By Aaron Cao · Updated

Clarify the problem and constraints before coding, narrate your approach out loud, reach a working solution before optimizing, test with edge cases, and state time and space complexity. Interviewers score how you reason and communicate, not only whether your final code runs.

Before you write code: clarify, then plan

If your instinct under pressure is to start typing immediately, that instinct is what this section fixes. The strongest candidates spend the first few minutes not coding at all, and interviewers notice.

Begin by restating the problem in your own words and confirming it with the interviewer. Ask about constraints: input size, value ranges, whether the input is sorted, how to handle empty or malformed input. Then name your intended approach and its complexity before you write anything. This short planning step catches misunderstandings early and shows structured thinking, which is a large part of the score.

While you code: think out loud and build in steps

Silence is the most common way a strong solver looks weak. Keep a running commentary of what you are writing and why, so the interviewer can follow your logic and nudge you if you drift.

Reach a correct answer before a clever one. A simple brute-force solution that runs is worth more than an elegant idea that never compiles, and you can optimize once something works. Write in small, testable pieces, use clear variable names, and if you get stuck, say what you are considering rather than going quiet. Interviewers frequently give hints, but only when they can hear where you are.

After it runs: test, edge cases, and complexity

A solution is not finished when it compiles; it is finished when you have tried to break it. Walk through your code with a normal input, then deliberately hostile ones: empty input, a single element, duplicates, negative numbers, the largest case the constraints allow.

Consider a frontend engineer interviewing for a mid-level role who writes a working two-pointer solution, then, unprompted, traces an empty array and a single-element array through it and states the runtime as O(n). That final minute of self-testing and complexity analysis often separates a hire from a maybe, because it signals the engineer will catch their own bugs on the job. Say the time and space complexity out loud even if you are not asked.

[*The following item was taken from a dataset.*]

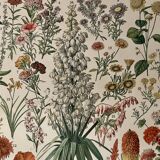Lithograph on flowers from 1897 (amaranth)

Turning tips into habits before the real round

Reading tips is easy; performing them while nervous is not. The fix is rehearsal under conditions close to the real thing: a timer running, your solution spoken aloud, and no pausing to look things up. After each practice problem, review not just whether you solved it but whether you clarified, narrated, and tested, since those are the habits being graded.

Timed spoken rounds against an AI interviewer are one way to build the reflex; you can run them on the mock interview tool. One caution worth repeating: real coding rounds are often on a watched shared editor or recorded, so no live assistant is safe during them, and the goal of practice is to not need one. More answers on coding rounds are in the interview types topic hub, and practice guidance is in the mock interviews topic hub.

FAQ

What is the most important coding interview tip?

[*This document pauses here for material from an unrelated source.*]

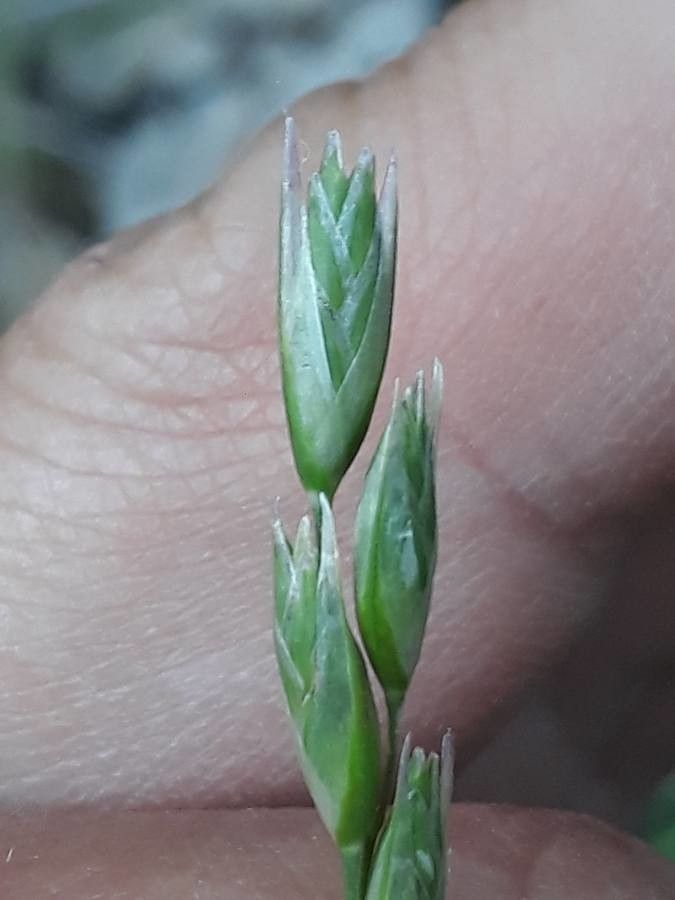 Danthonia decumbens flower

Clarify before you code and narrate while you do. Interviewers score your reasoning and communication, so a well-explained approach beats a silent correct answer. Confirm the problem and constraints first, then think out loud.

Should I write the optimal solution first?

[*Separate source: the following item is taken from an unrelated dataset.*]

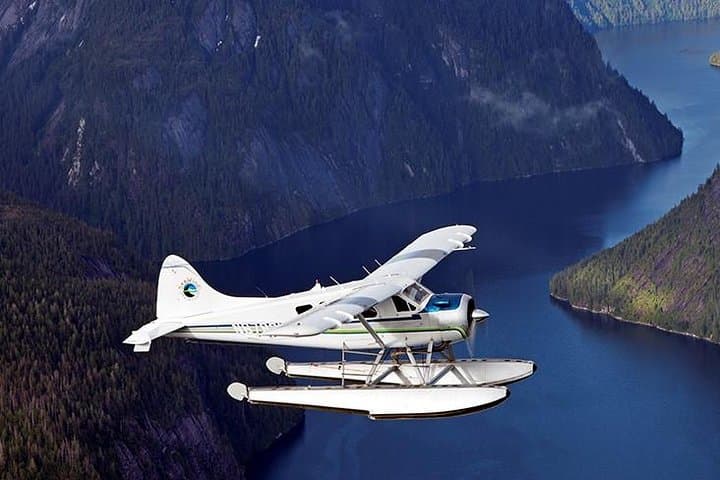 Misty Fjords Flightseeing 1 hour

No. Reach any correct solution first, even brute force, then optimize it in front of the interviewer. A working simple answer scores better than an elegant idea that never runs.

How do I handle getting stuck?

Say what you are considering out loud instead of going quiet. Interviewers often give hints, but only when they can hear your thinking. Restate the problem and try a smaller example to unblock yourself.

Do I need to state time and space complexity?

Yes, even if unprompted. Analyzing Big-O shows you understand trade-offs, which interviewers weigh heavily. State the complexity of your approach before and after you code it.